A Shareholder Proposal That is Certain to be Approved! - While Improving Japan's Entire Stock Market

Constant Complaints
For decades, Japanese and foreign investors have complained about two things:
(1) The fact that most annual general meetings (AGMs) are concentrated in June, with more than 80% occurring in the same week and a full 25% on the same day. This makes it extremely difficult for investors to prepare adequately or attend many shareholder meetings.
(2) Almost all Japanese companies file their most important disclosure document, their “yuho” annual securities reports (the equivalent of a U.S. 10-K), after the shareholders’ meeting or (at best) just before. This is the complete reverse of what the timing should be. As a result, investors are unable to obtain and digest essential information prior to the shareholders meeting, and can only do so after the AGM.

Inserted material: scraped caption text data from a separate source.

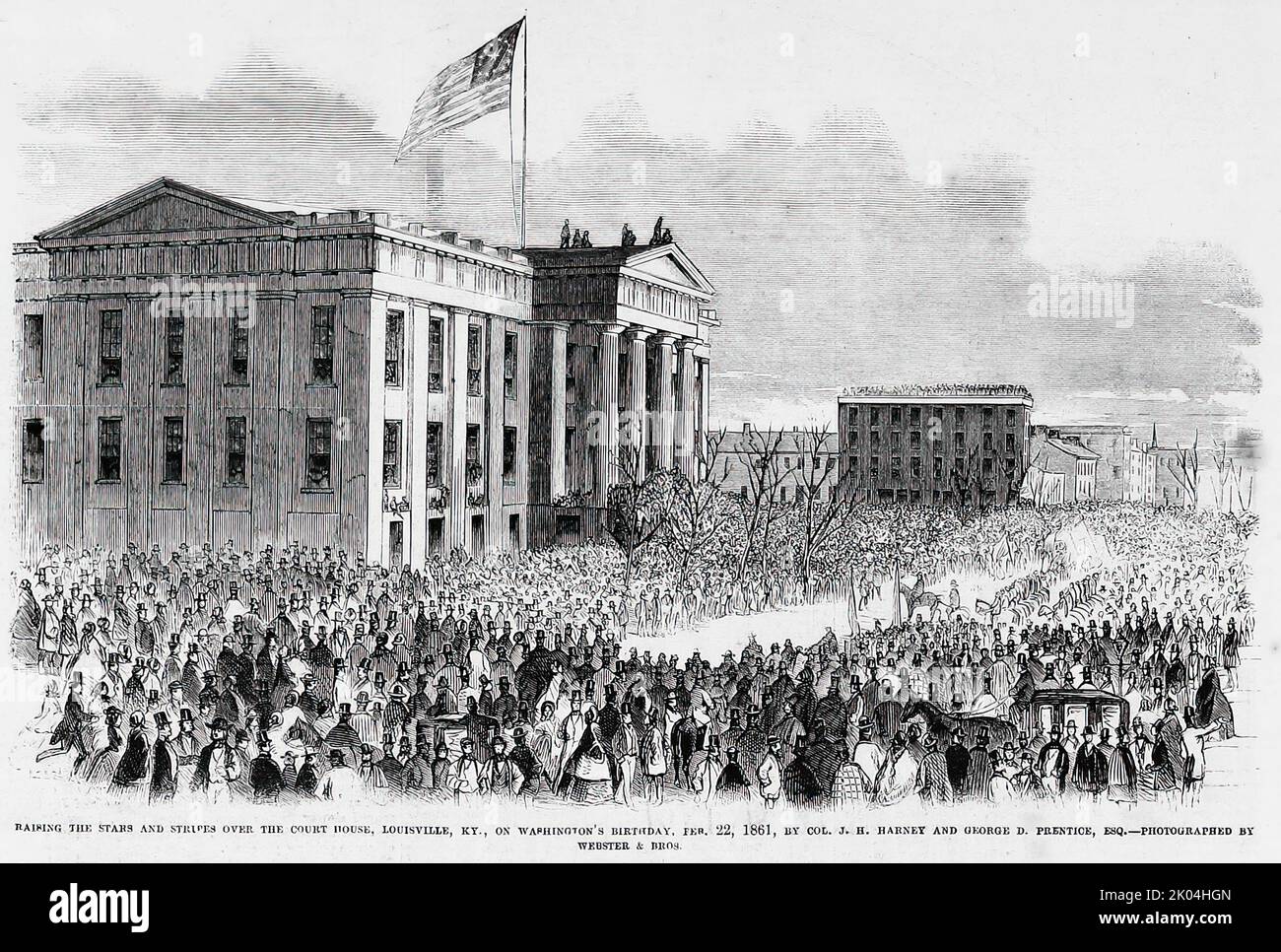 Elevando le stelle e le strisce sopra la casa di corte, Louisville, Kentucky, il compleanno di Washington, 22nd febbraio, 1861, del colonnello J. H. Harney e di George D. Prentice. Illustrazione del 19th° secolo dal quotidiano illustrato di Frank Leslie Foto Stock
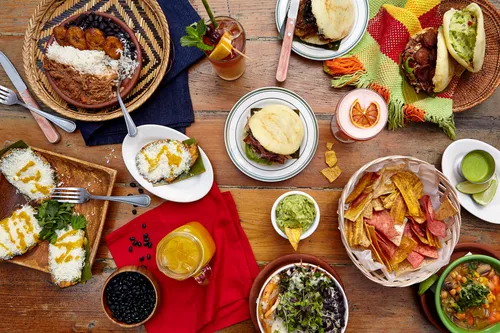 Assorted Latin American dishes on wooden table.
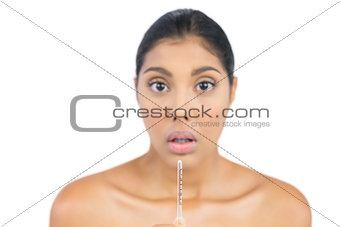 Shocked nude brunette holding a thermometer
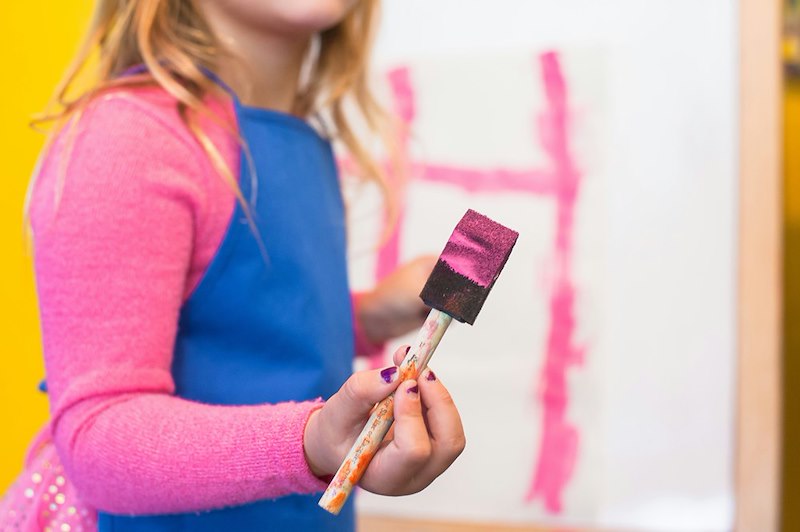 A girl uses a pink paint brush at a party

Last June, at the government’s request, a larger than usual number of companies than usual filed their paid-in reports prior to the general shareholders’ meeting, but most of these were submitted a week or less before the meeting. This is very limited progress, as most institutional investors had already voted at that point. And of course the reality is that it takes more than a few days to analyze these reports, which can be more than 200 pages long.
However, this Problem is Not Difficult to Solve!
Last June, Soracom and Advantest showed their shareholders the respect they deserve, by amending their articles of incorporation to allow shareholder meetings to be held after the end of June, for example, in July or August.
This will allow shareholders of both companies to avoid the “shareholder meeting concentration week” problem, since shareholders of both companies will receive the yuho annual financial report at least one month before the general meeting, and that meeting will be held at a time when there are not many other shareholder meetings of other companies.
This “solution” is quite simple. By law, a general shareholders’ meeting must be held within three months of the “record date” for determining voting rights. Therefore, the two companies changed their Articles so that the record date for voting rights is stipulated to be a date that comes later than March 31st. Soracom and Advantest set this date to April 30 and May 15, respectively.
Very High approval rate at both AGMs
At both companies’ general shareholders’ meetings, the approval rate for proposals to amend the articles of incorporation was very high. At Soracom’ s AGM, the resolution was approved by 99.71% of voting shareholders, and at Advantest’s, by 99.78%.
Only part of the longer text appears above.